Magnetic Susceptibility of the Kagome Antiferromagnet ZnCu3(OH)6Cl2

TL;DR

This paper investigates the magnetic susceptibility of ZnCu3(OH)6Cl2 using theoretical models and experimental data, highlighting the effects of Dzyaloshinsky-Moriya interactions and impurity spins on the Kagome lattice antiferromagnet.

Contribution

It provides a detailed analysis of the susceptibility data with theoretical calculations, emphasizing the role of DM interactions and impurity effects in the Kagome antiferromagnet.

Findings

High-temperature susceptibility matches the pure Heisenberg model with J=170 K.

Susceptibility upturn at 75 K attributed to DM interactions.

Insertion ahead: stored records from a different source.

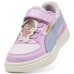 Puma Sneaker Caven III DORA PS 407724 01 Ροζ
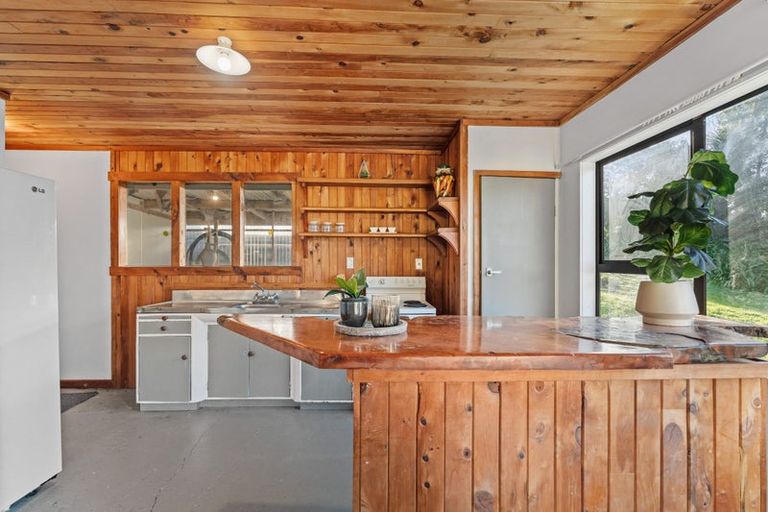 Photo of property in 354 Ocean Beach Road, Whangarei Heads, Whangarei, 0174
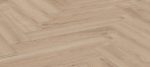 Ламинат Kronotex Herringbone Дуб Тузузский D3678 уп.1,238м²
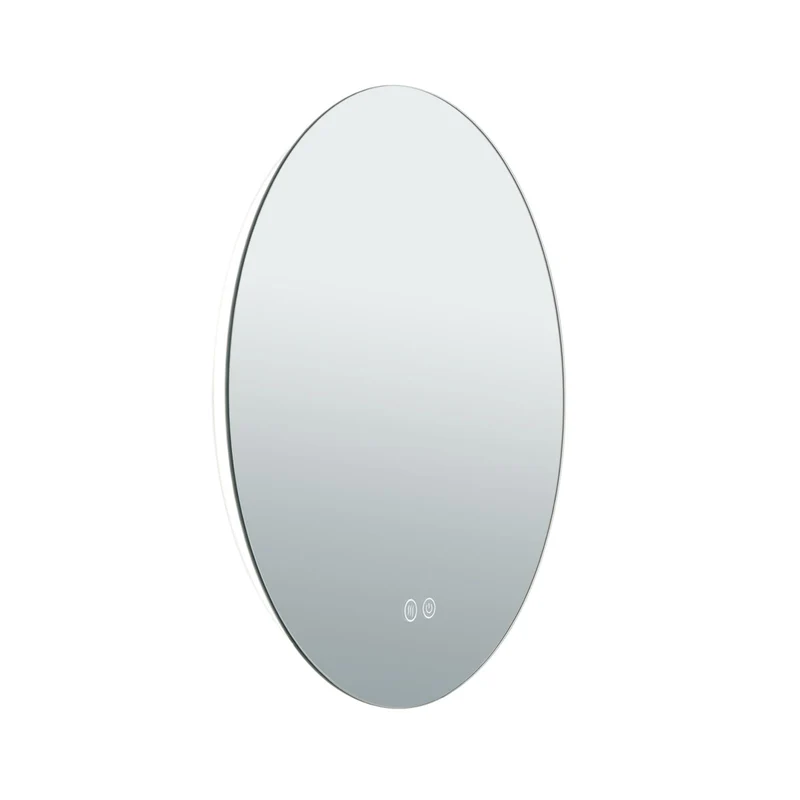 Spiegel Aura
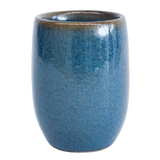 LAGOON ROUND MUG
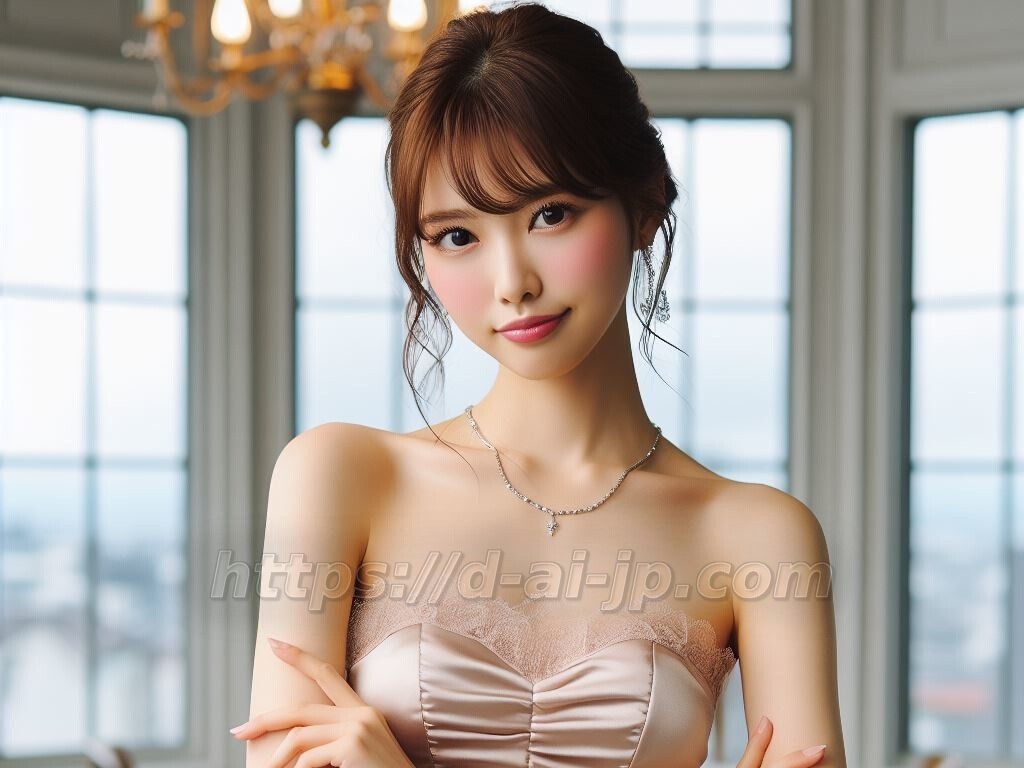 d-ai-jp.com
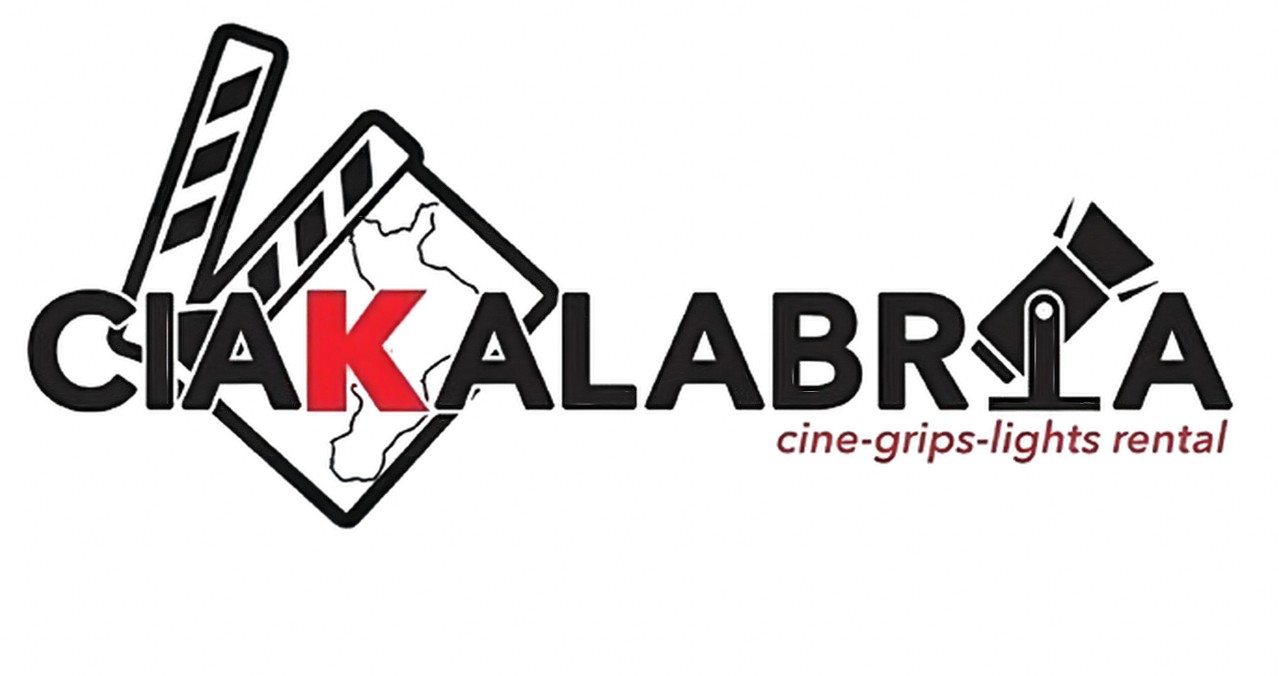 Ciakalabria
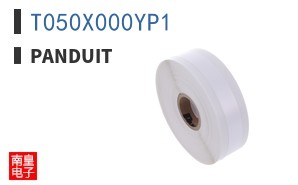 T050X000YP1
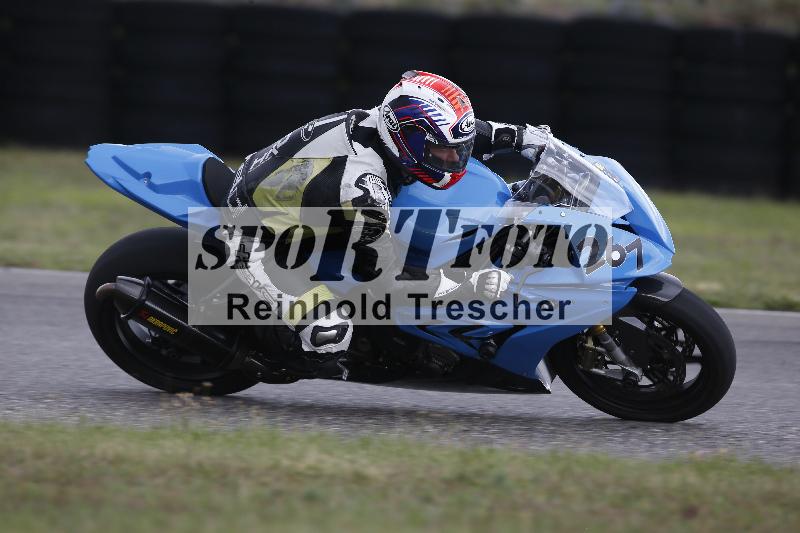 Archiv-2023/50 28.07.2023 Speer Racing  ADR/Gruppe gelb/267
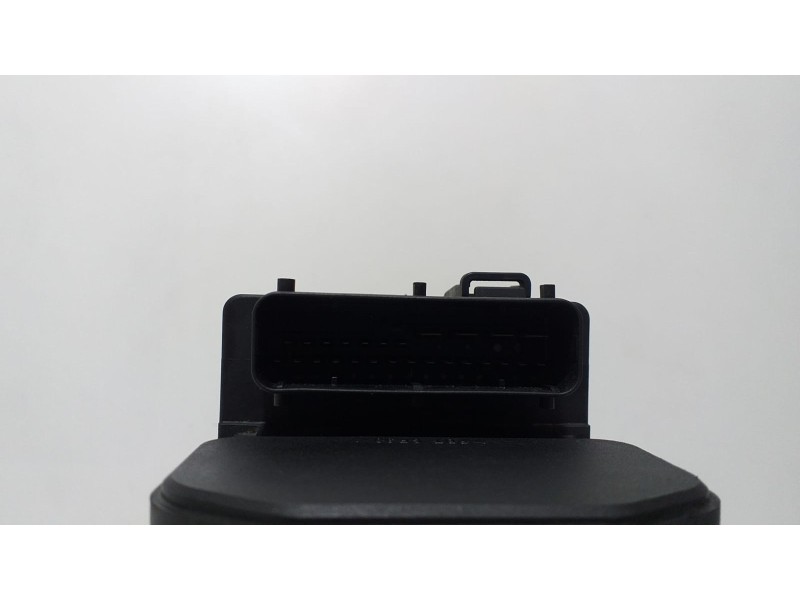 Recambio de abs para citroën xsara berlina 2.0 hdi 66kw premier referencia OEM IAM 9636084480 63719  Recambio de abs para citroën xsara berlina 2.0 hdi 66kw premier referencia OEM IAM 9636084480 63719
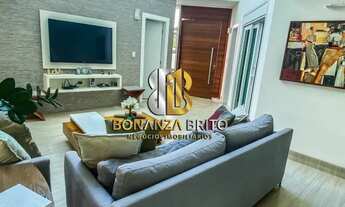 Imagem 7: SALVADOR - Casa de Condomínio - ALPHAVILLE II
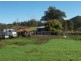 Knorrit Flat NSW 2424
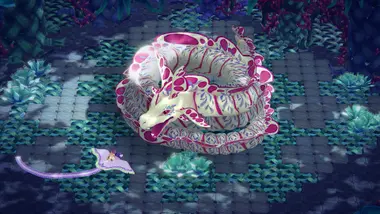 Weaving Tides preview 10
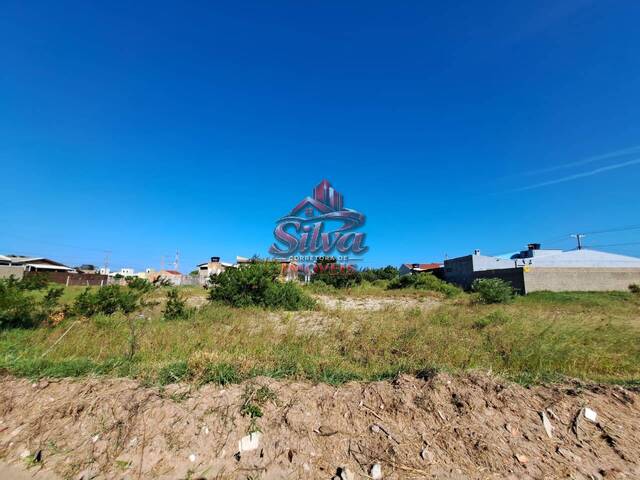 Terreno para Venda em Imbé - 3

Intermediate temperature susceptibility follows a power law T^{-0.25}.

Abstract

We analyze the experimental data for the magnetic susceptibility of the material ZnCu3(OH)6Cl2 in terms of the Kagome Lattice Heisenberg model (KLHM), discussing possible role of impurity spins, dilution, exchange anisotropy, and both out-of-plane and in-plane Dzyaloshinsky-Moriya (DM) anisotropies, with explicit theoretical calculations using the Numerical Linked Cluster (NLC) method and exact diagonalization (ED). The high-temperature experimental data are well described by the pure Heisenberg model with J=170 K. We show that the sudden upturn in the susceptibility around T=75 K is due to DM interactions. We also observe that at intermediate temperatures, below T=J, our calculated susceptibility for KLHM fits well with a power law T^{-0.25}.